As Tim said, the bass notes should not be sustained while the chords are played. Rests are explicitly shown. At first, it seems one could play the lower staff on piano with the left hand by pedaling the bass note through its duration to give enough time to lift the hand and prepare for the chord. I've pedaled many a waltz this way:
But once we get to measure 7, we have a chord in the bass clef that spans a tenth (from E♭3 to G4) followed by a chord that spans a twelfth (from B♭2 to F4):
You'd need "Rachmaninoff hands" to play that. At least the bass notes are notated staccato to give us license to arpeggiate a bit. (If we ignore the slur between the chords!)
Then we get to measure 8 which is simply impossible in two [human] hands as it spans two octaves (from E♭2 to E♭4):
Picking up the whole chord with the right hand is also impossible as the span is a minor thirteenth, from G3 to E♭5. One might split the chord between hands, but it would still require a span of a twelfth in the left and an octave in the right or a tenth in the left and an eleventh in the right.
So I think if this is for piano at all, the piano is meant to play only the bass clef. The rests clearly indicate it should be thought of as two voices.

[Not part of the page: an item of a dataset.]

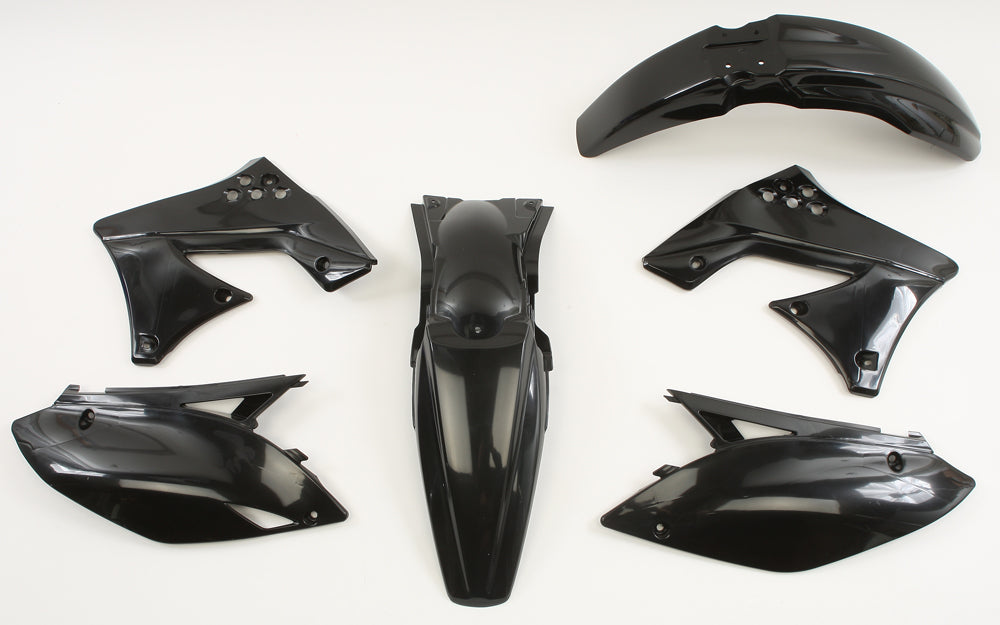 Acerbis black plastic kit with various panels and parts, designed for motorcycle or dirt bike upgrades.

If the treble clef is intended for a solo instrument, I'm not sure which one. The chords in measures 4 and 5 suggest it's a string, not a wind:
The melody is in the range of a violin.
I don't think the "P" above certain notes is standard notation for any particular instrument; it's more likely part of a lesson— the "P" only occurs above circled notes, when the melody is descending through non-chord tones. I concur with Dekkadeci and Laurence Payne that these are indicating "passing notes".
If this piece were really is meant for a single instrument, what might it be?
I suppose the whole piece might be playable by the right person on a guitar, if it were tuned down a semitone (to reach that last E♭ in the bass.) I haven't made an effort to work out the fingering.
One other possibility for the whole piece is accordion. I'd have to check to see whether the bass clef chord voicing aligns with a stradella system. However, accordion music often omits the chord tones and just notates the root with a symbol to indicate chord type.
This is not a piano part that can be played literally. More a 'short score' of an instrumental work. A pianist would recognise the musical intentions and do the best they could to reproduce them (and might actually get surprisingly close with judicious pedalling and chord spreading!)
What are the circled notes marked 'p'? My guess is that this piece may be presented for analysis rather than for performance, and 'p' means 'passing note'.